Knowledge discovery in databases (KDD) is a process of searching for useful knowledge in raw data. KDD involves the following actions: data pre-processing, selection of informative indicators, data cleansing, use of Data Mining (DM) methods, data post-processing and interpretation of the results. Loginom contains all the necessary tools for implementing the KDD process:
- Scenario-based approach. The process of analysis involves experts developing a processing scenario. All the operations are performed using wizards. When developing a scenario the analyst can arbitrarily combine any processing mechanisms implemented in Loginom.
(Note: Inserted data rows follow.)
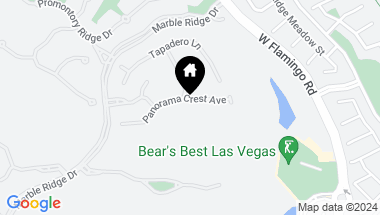 Map of 35 Panorama Crest Avenue, Las Vegas NV, 89135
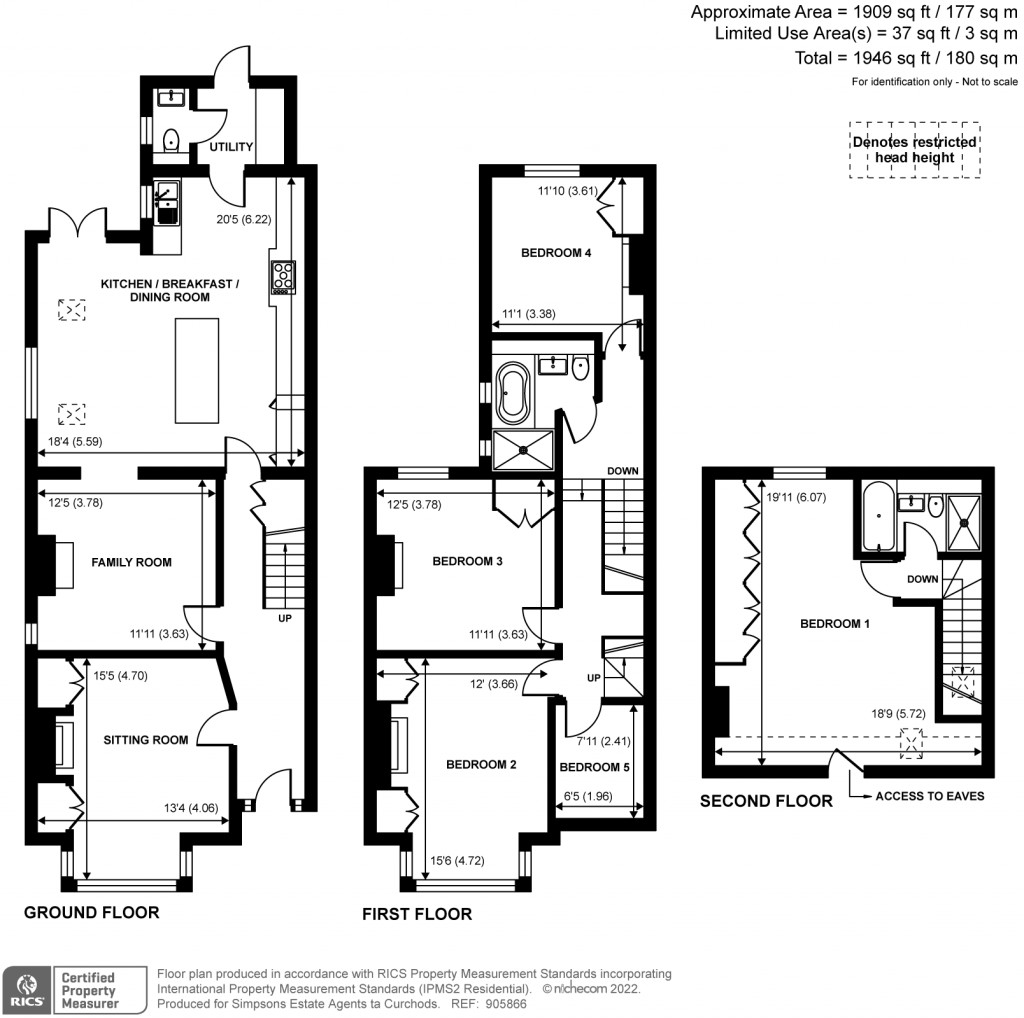 Floorplans For Station Road, Esher, KT10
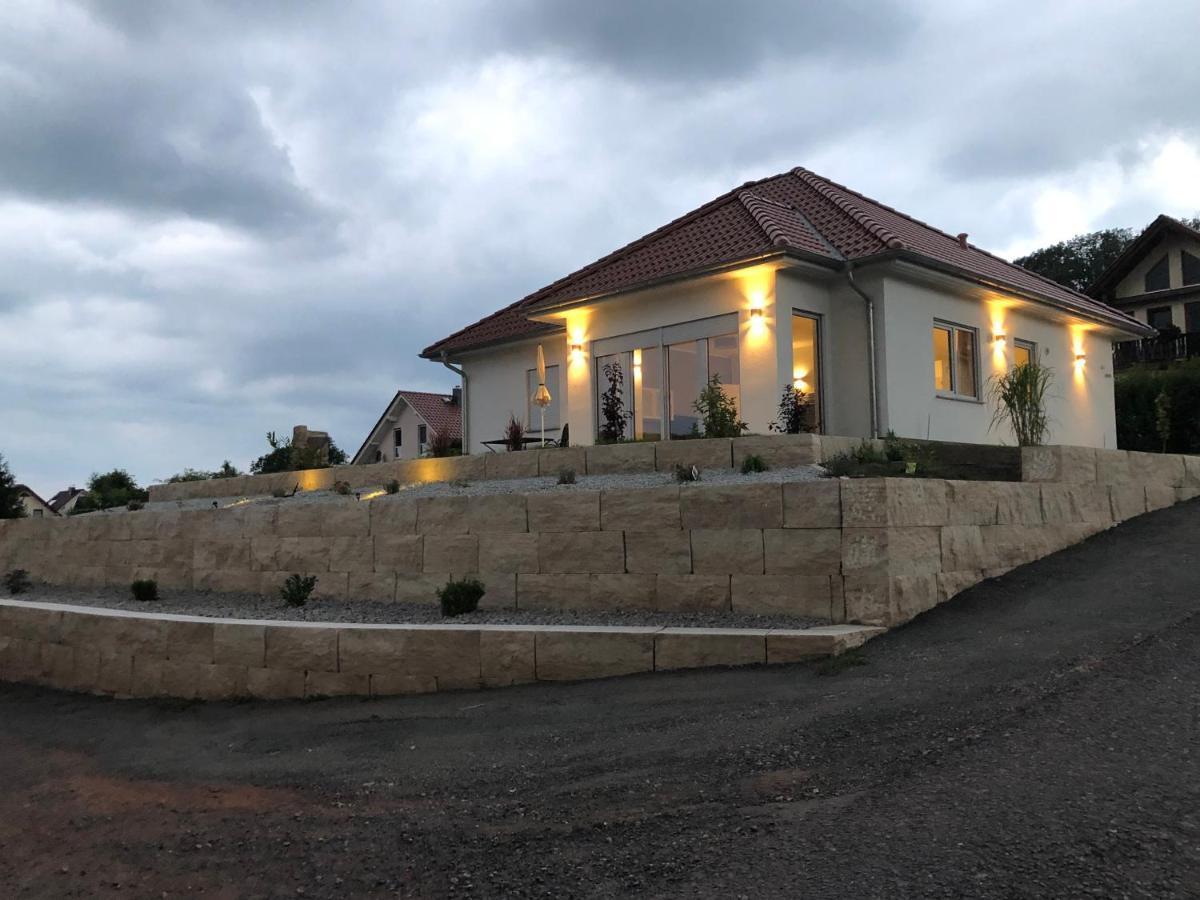 Ferienhaus Blick Zum Rennsteig Etterwinden מראה חיצוני תמונה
- Data cleansing and transformation. Loginom contains a complete set of data cleansing and pre-processing algorithms, including gap-filling, outlier editing, filtering, replacement, grouping, merging and many others.
- Data Mining. Loginom has the most powerful self-training, pattern-finding algorithms, including neural nets, decision trees, self-organizing maps, associatiùò rules, etc.
- Visualization. The program contains dozens of convenient visualizers: both general (tables, charts, OLAP etc.) and specialized ones, which take into account the specifics of the analytical treatment and facilitate the interpretation of analysis results (trees, maps, rules etc.)
- Integration. Loginom supports data exchange with various data sources and receivers, from files and office applications to commercial DBMS and OLTP systems.
Due to the implementation of the KDD approach, Loginom enables users to resolve the problem of expert knowledge formalization and replication. The end-users do not have to think about how the data are obtained; the system will automatically extract the data necessary for analysis, run the prepared scenario and display the results in the form most convenient for the end-user.